By Michelle Werts
Last month, I talked about the connection between climate change and forests in response to President Obama’s inaugural address, but there was another primary topic of that address that could have implications for our environment: immigration. On the surface, immigration and the environment don’t seem to be the likeliest of bedfellows, but they can be closely linked.
As reported by E&E News, more than 600 miles of fencing have been erected along the U.S.-Mexico border in the last six years, cutting through swaths of diverse ecosystems. While designed to keep people from crossing between countries, nature doesn’t recognize political boundaries — and many wildlife species could find themselves on the wrong side of the fence. Wildlife ecologist Clint Epps, who completed a study in 2009 on the potential effect of a U.S.-Mexico border, tells E&E News, “The porous nature of that border has been really important for wildlife. The only reason we have black bears is because they came up from Mexico. They had been exterminated here, but they colonized Big Bend National Park in the 1990s. And the only reason we have jaguars is because they come up from Mexico.”
Over the years, research has shown how fragmented forests — those with roads, agricultural fields, cities, houses, fences, etc. between different stands of trees — can adversely impact wildlife migration. For more than 15 years, American Forests has worked with the U.S. Fish and Wildlife Service in the Lower Rio Grande Valley to repair fragmented forest for the benefit of threatened and endangered species, like ocelot, that make their home along the U.S.-Mexico border. We’ve helped plant more than 1.5 million trees in our efforts to preserve this area that is also home to plant, butterfly, bird and wildlife species that cumulatively number in the thousands.

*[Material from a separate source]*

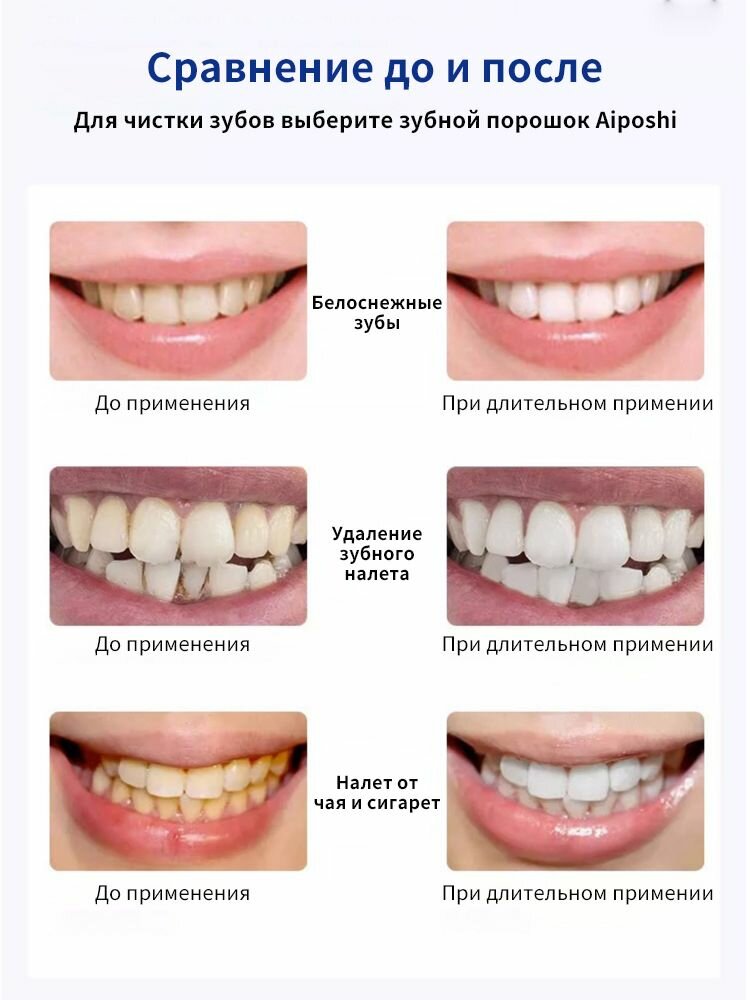 Отбеливающий зубной порошок, Быстро удалить желтый зубной камень, устраняет неприятный запах изо рта, уменьшает язвы во рту и ухаживает за деснами, укрепляет десна, 50 г — фото 1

We’ve worked in Veracruz, Mexico, to restore critically important migratory bird habitat that had been fragmented by urbanization. We’ve supported and advocated for policy changes to protect the threatened northern spotted owl in the Pacific Northwest from fragmentation threats — not to mention Global ReLeaf projects to restore spotted owl habitat.
And I’ve only listed a few of our forest fragmentation activities: Forest fragmentation is a big deal for forests and wildlife. Now, with climate change, many species will likely be adapting their migration patterns. This means that protecting wildlife habitat ranges, which could be a few miles to hundreds of miles, will become increasingly tricky. But it’s a puzzle worth solving.